The lobbyists that Qatar hired to improve the emirate’s image among American Jews were earning far more from their relationship with Doha than previously known. These were the same figures who managed the fallout of a still-unaired but much whispered-about undercover documentary produced by Al-Jazeera about pro-Israel groups in Washington, D.C.
The new details about the lobbyists’ payment came out on Oct. 26 when Nick Muzin, a former senior staffer for Republican Sens. Tim Scott and Ted Cruz-turned lobbyist for Qatar, filed a disclosure under the Foreign Agents Registration Act reporting $3.9 million in additional payments related to his work for Doha. Muzin, as Tablet readers will recall, was first retained by Qatar in September of 2017. The payments listed on Muzin’s FARA filing come from Blue Fort Public Relations LLC, “a private firm that is incorporated in Qatar with offices in London, U.K., and Washington, D.C., to foster commercial and international investment-related outreach opportunities for private companies and investors from Qatar into the United States,” according to the filing. Of that $3.9 million, $2.3 million was paid to Lexington Strategies, a firm owned by Joey Allaham, a kosher restaurateur with business links to prominent Qataris who later joined Muzin in lobbying on Qatar’s behalf. According to the filing, the payments from Blue Fort came in September and October of 2017.
Muzin’s initial contracts with Qatar, beginning in September of 2017, were worth some $50,000 a month, an amount which was increased to $300,000 a month that November (with $150,000 to be spent on subcontractors). Allaham filed a FARA disclosure in June reporting that he had been paid a total of $1.45 million from his Qatar lobbying. The October filing indicates that Muzin and Allaham’s lobbying relationship with Qatar was worth more to them than previous filings might indicate. The disclosure also reveals the actual extent of Muzin and Allaham’s work for Qatar: In addition to showing how much the pair were making from their work for Doha, the contract lists various “contacts” with leading figures in the finance, real estate, and energy world, including Martin Oliner, the CEO of First Lincoln Holdings and chairman of Religious Zionists of America. Oliner traveled to Doha in early 2018.
Still, there’s much the contract doesn’t explain. Blue Fort’s website includes only sparse information about the company, its clients, its officers, and its activities, and does not list a phone number. Its Washington, D.C., address corresponds to a “virtual office” that can be rented at an introductory rate of $80 a month while its London address is for a co-working space that also advertises virtual office services. In Doha, Blue Fort lists an address very similar to that of the Arab Engineering Bureau, a company that won contracts connected to the 2022 World Cup, which is scheduled to take place in the emirate.

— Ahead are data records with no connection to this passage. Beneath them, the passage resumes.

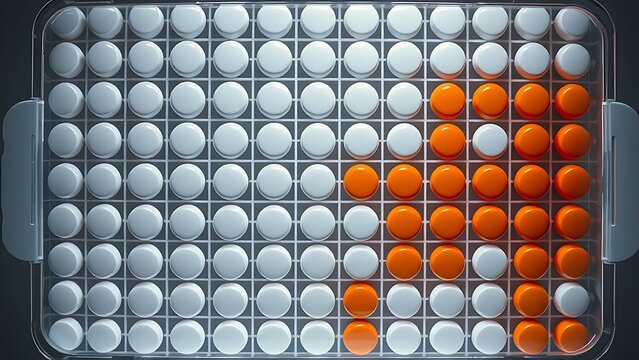 dimer. Pill organizer with tablets in sequence, clinical top view, geometric arrangement. STEM education sheets, lab safety posters, designed for biotech research communications.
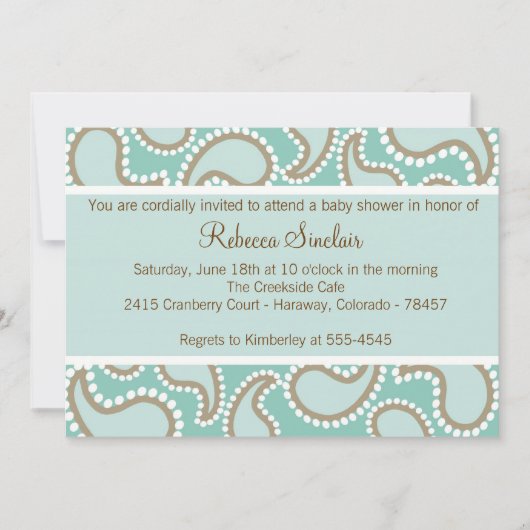Dotted Paisley Invitation Kaart (Voorkant)
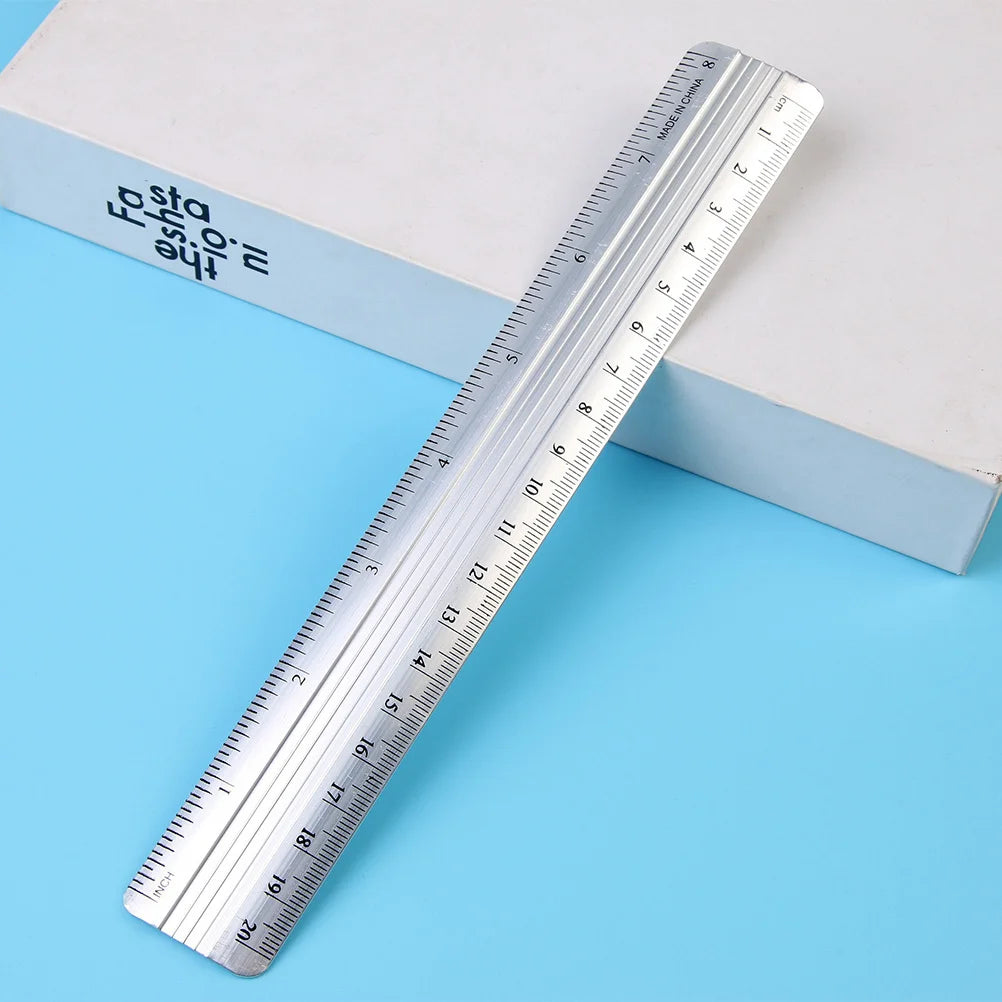 10pcs Straight Aluminum Ruler 15Mm 20Mm 30Mm 40Mm 50Mm Multi-Color Metal Ruler Set For Students Stationery Geometry Tools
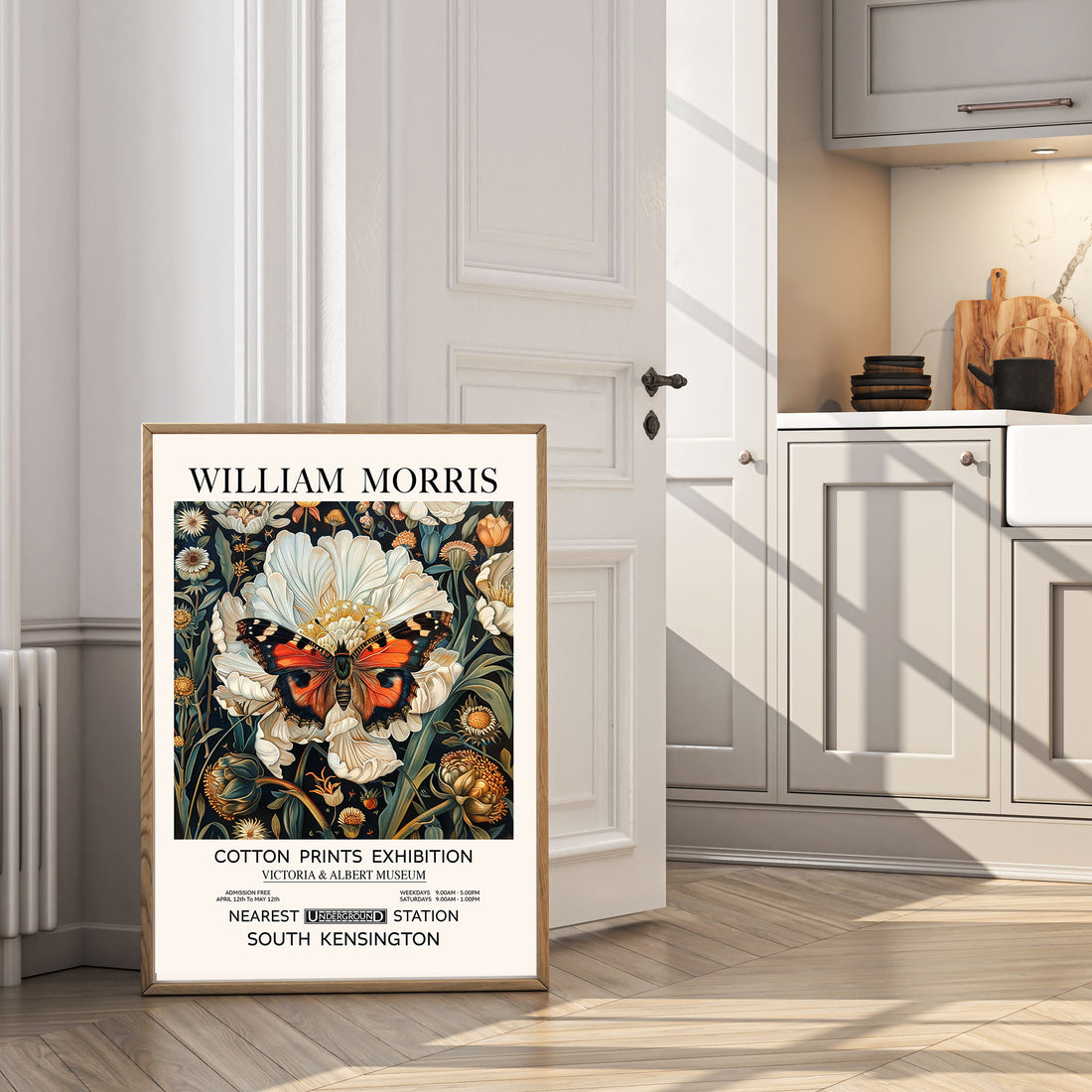 Vintage butterfly wall art print featuring floral and botanical design, perfect for cottage-style and Victorian-inspired home decor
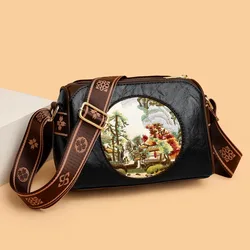 Mode Druck Frauen Geldbörsen und Handtaschen Umhängetasche Luxus Designer Hohe Qualität Einfarbig Leder Schulter Messenger Taschen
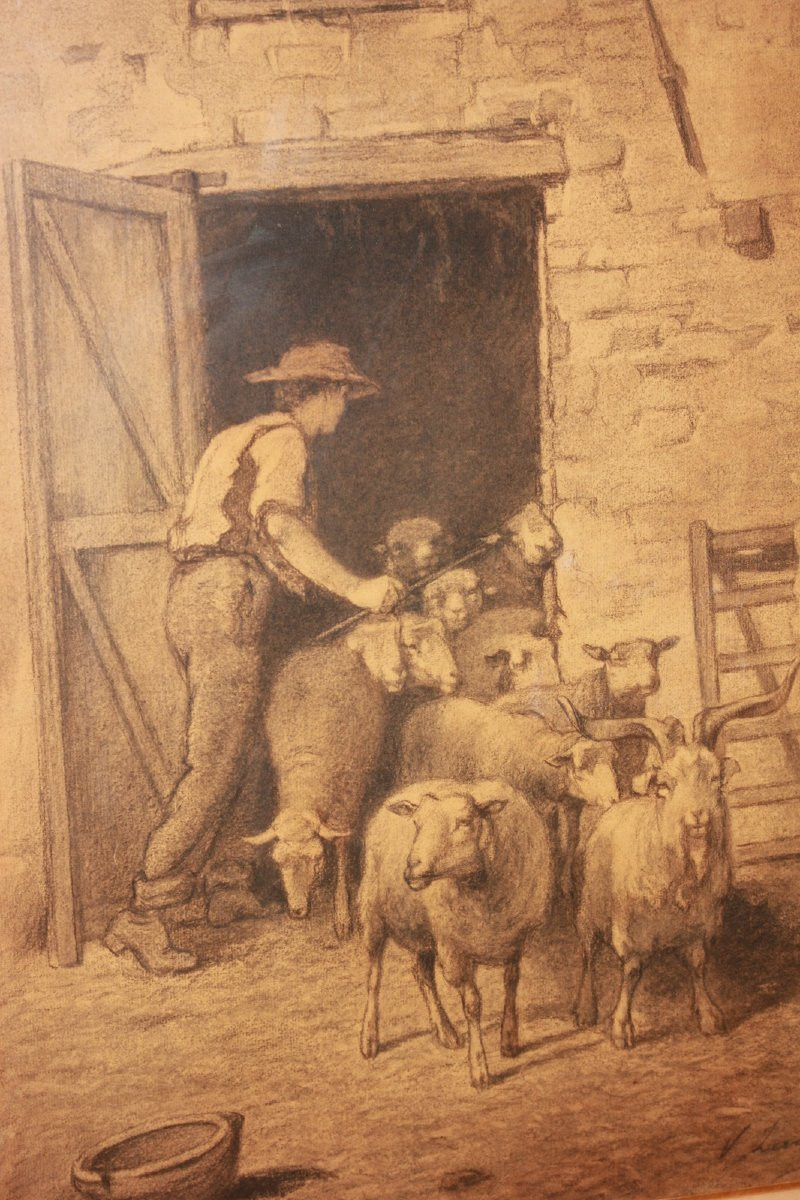 Pastello Francese del 1800 Raffigurante Scena Di Vita campestre Pastore con Gregge-photo-2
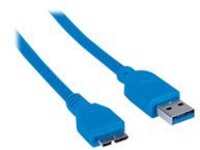 Manhattan USB-A to Micro-USB Cable, 2m, Male to Male, Blue, 5 Gbps (USB 3.2 Gen1 aka USB 3.0), SuperSpeed USB, Lifetime Warranty, Polybag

In reality, Blue Fort’s stated address of “950 Ibn Seena St.” would almost certainly be invalid in Doha (the number 950 indicates the block number, but Blue Fort does not list a P.O. Box or building number—in contrast, AEB’s address in Doha Bldg 100, Ibn Seena 950. Although the addresses are very similar, a company representative told Tablet that AEB does not share an address with Blue Fort. “Please note that while BlueFort may or may not be located on the same street, they do not share the same address as ours,” the representative wrote by email).

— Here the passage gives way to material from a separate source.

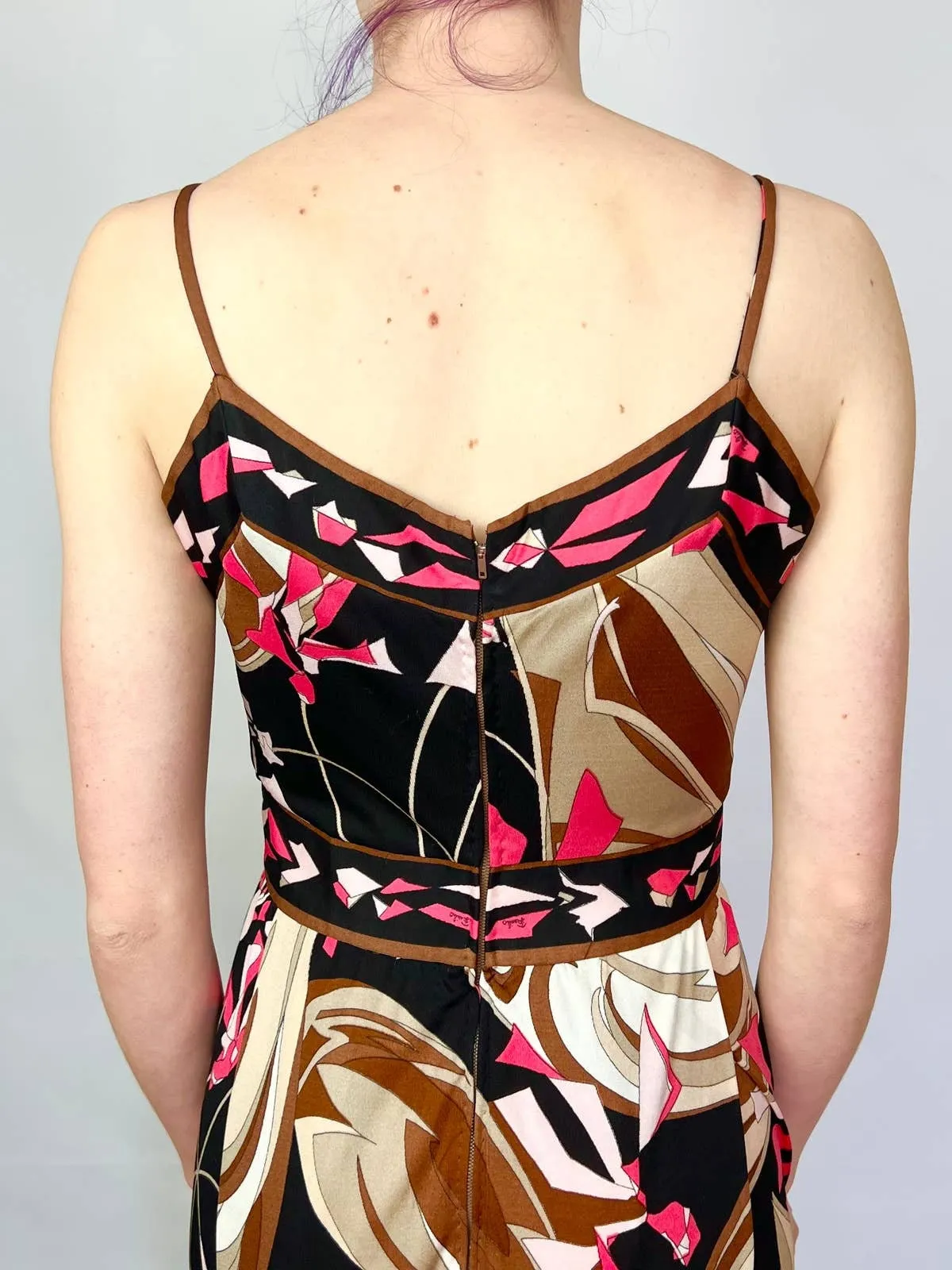 /70s Brown and Red Kaleidoscopic Maxi Strappy Dress by Emilio Pucci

Muzin and Allaham have a complicated history with Qatar. Muzin had difficulty setting up public meetings between American Jewish leaders and Qatari government officials during the opening of the UN General Assembly in September of 2017 but later succeeded in arranging for Oliner, Mort Klein, Alan Dershowitz, Malcolm Hoenlein, and other prominent Jewish and pro-Israel figures to visit the country. In January of 2017, Tablet reported that Al-Jazeera had sent a recent Oxford graduate named Tony Kleinfeld to infiltrate various pro-Israel groups in Washington, DC and secretly record their employees and activists. After threats from members of Congress to push for Al-Jazeera register under FARA, as well as talks between Muzin and concerned American Jewish leaders, the resulting documentary never aired on the network. Muzin and Allaham both publicly distanced themselves from Qatar in June of 2018, around the same time that the discovery process for a lawsuit from the GOP fundraiser Elliott Broidy—whose email account was likely penetrated by Qatari-hired hackers in late 2017—revealed the scope of the emirate’s influence efforts in the US.
Tablet reached out to Muzin, Allaham, and Blue Fort for comment earlier today, and will update when we receive a response.
This article originally stated that Blue Fort shared an address with the Arab Engineering Bureau. The company has disputed this, and it appears that while the addresses are very similar Blue Fort’s would in fact be invalid based on Doha’s address and street-naming conventions. Tablet regrets the error.